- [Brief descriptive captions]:
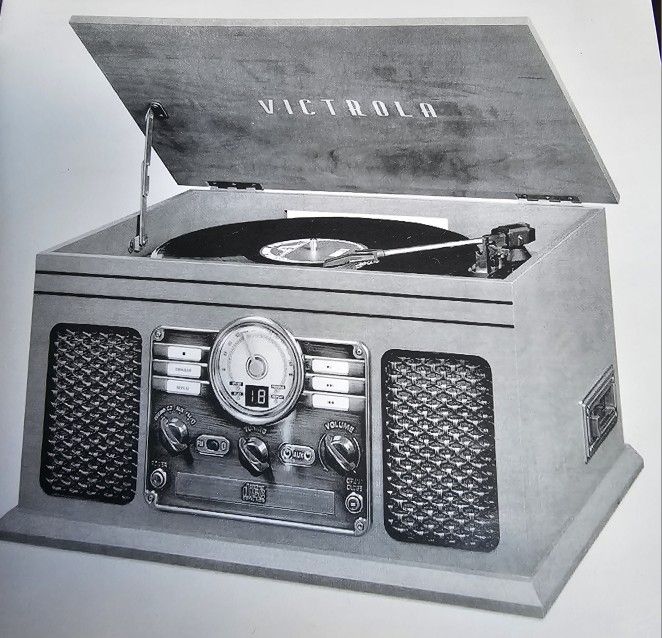 VICTROLA, VTA- 200B, 6-IN-1 TURNTABLE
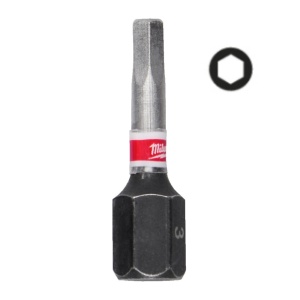Set 3 biti Hex SHOCKWAVE IMPACT DUTY, 25 mm, 2.5-12 mm, Milwaukee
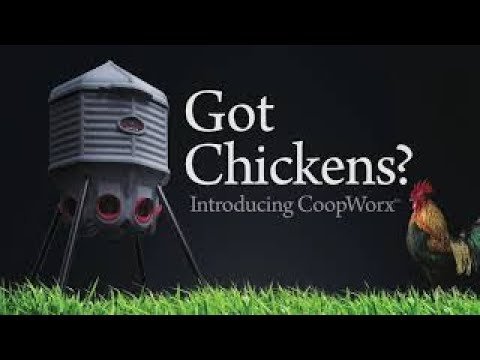 CoopWorx Adjustable Leg Chicken Feed Silo - Durable Outdoor Poultry Feeder for Hens & Chickens - Perfect for Backyard Farms & Chicken Coops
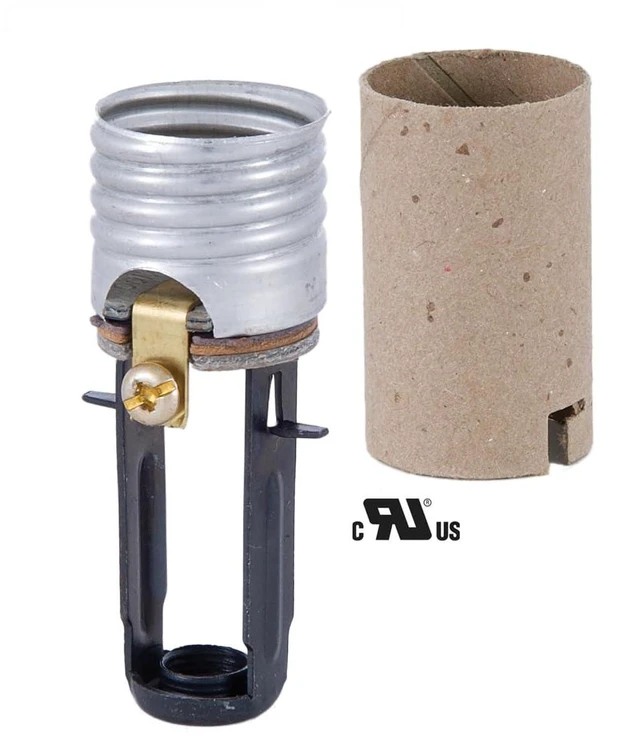 Alt view image 2 of 3 - B&P Lamp® Medium Base, 3 Inch Height, Keyless Candle Socket, 6 Pack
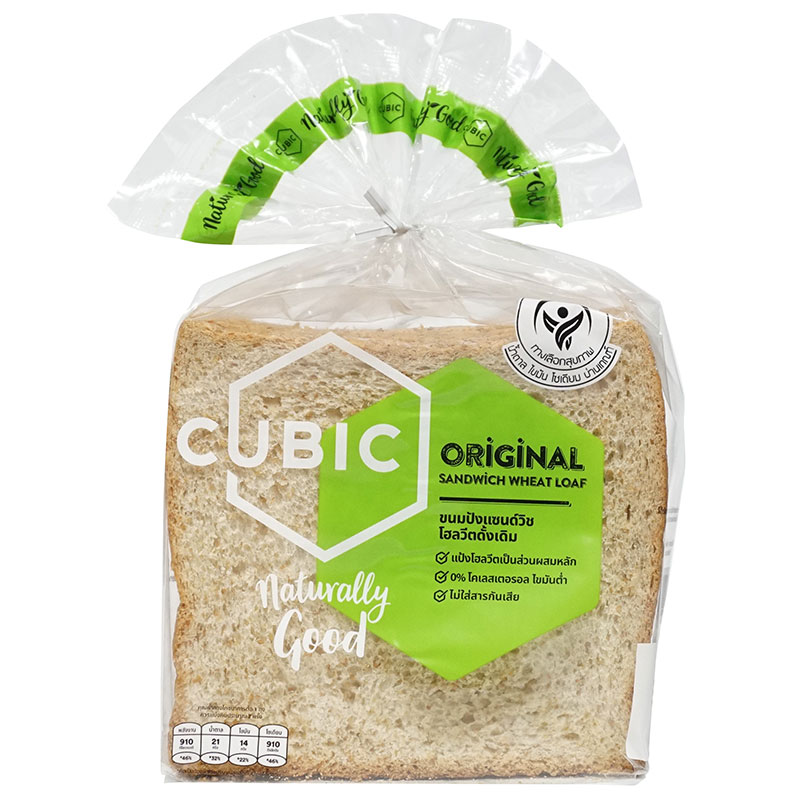 CUBIC Original Sandwich Wheat Loaf 360 g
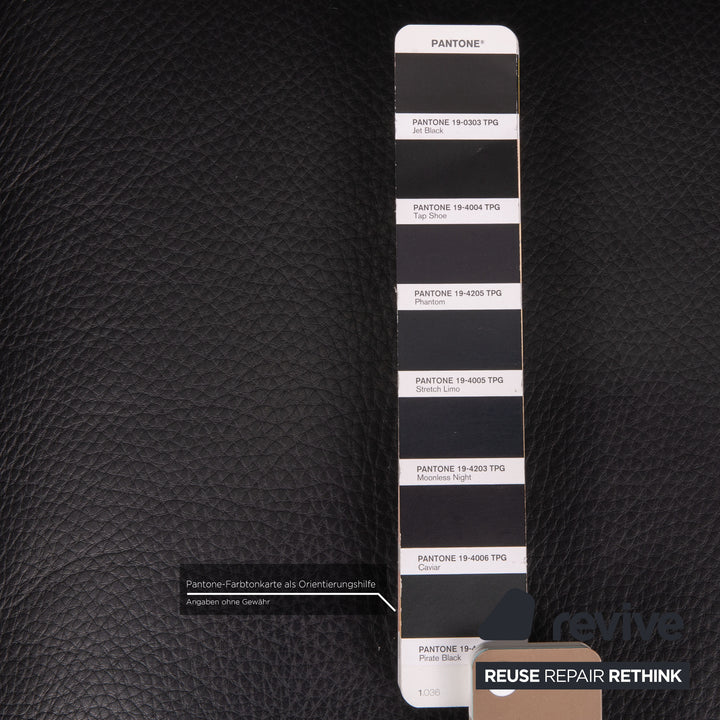 Brühl Visavis leather sofa black two-seater couch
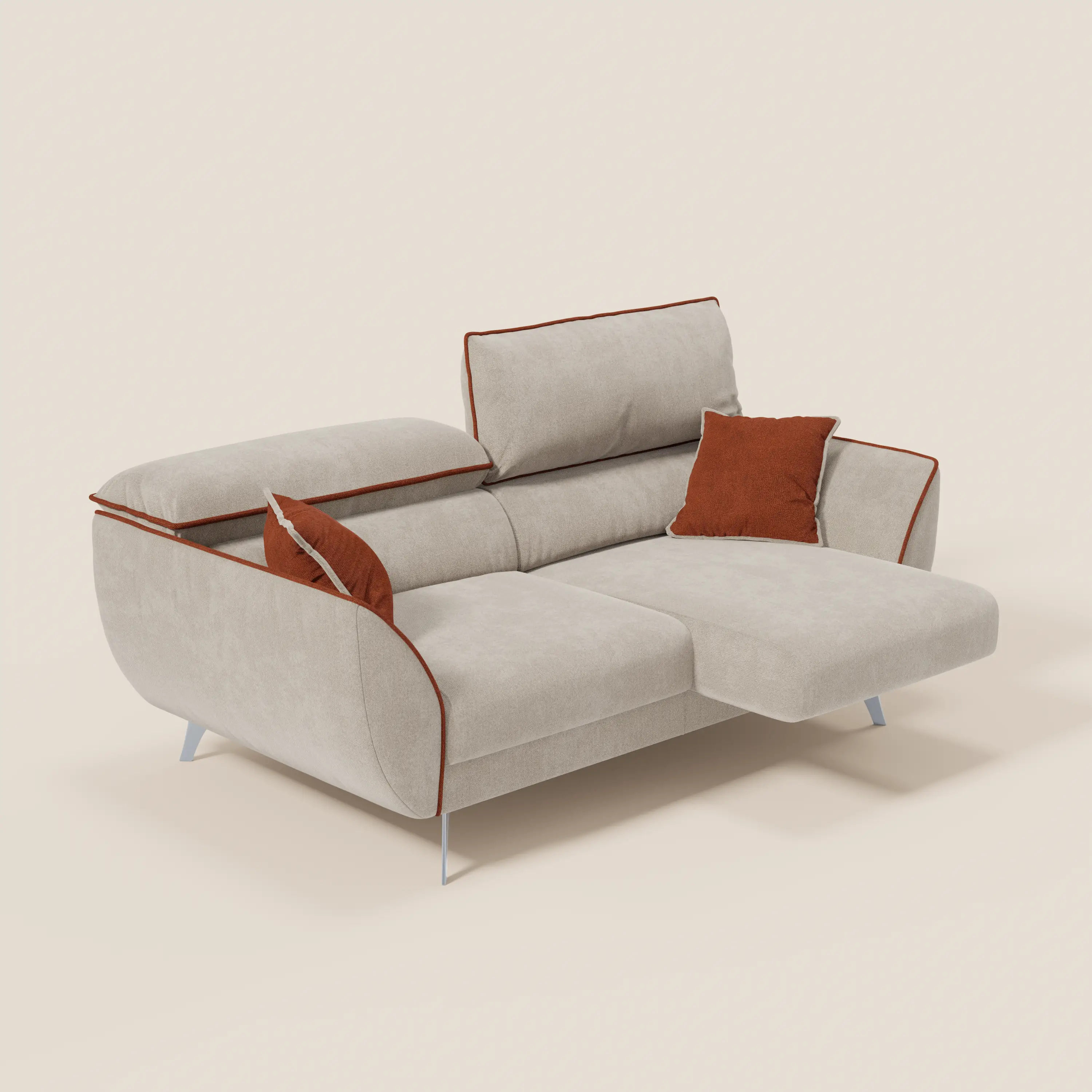 Michelangelo Canapé 2 et 3 places avec assises coulissantes et têtières réglables - Bicolore en tissu détachable T23 - Image 27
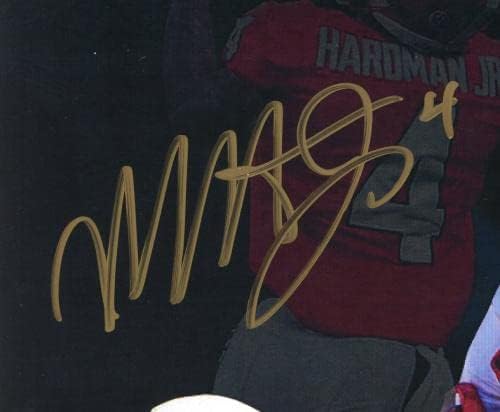 Mecole Hardman potpisao je Georgia Bulldogs Umred 8 × 10 NCAA fotografija - crna pozadina - Fotografije fakulteta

- [TASK TO COMPLETE]: Set the pictures aside and reproduce exactly the lines above, from the line holding "CUBIC Original Sandwich Wheat Loaf 360 g" through the line holding "Michelangelo Canapé 2", both included, with nothing else.

- [OUTPUT FOR THIS EXERCISE]:
 CUBIC Original Sandwich Wheat Loaf 360 g
 Brühl Visavis leather sofa black two-seater couch
 Michelangelo Canapé 2 et 3 places avec assises coulissantes et têtières réglables - Bicolore en tissu détachable T23 - Image 27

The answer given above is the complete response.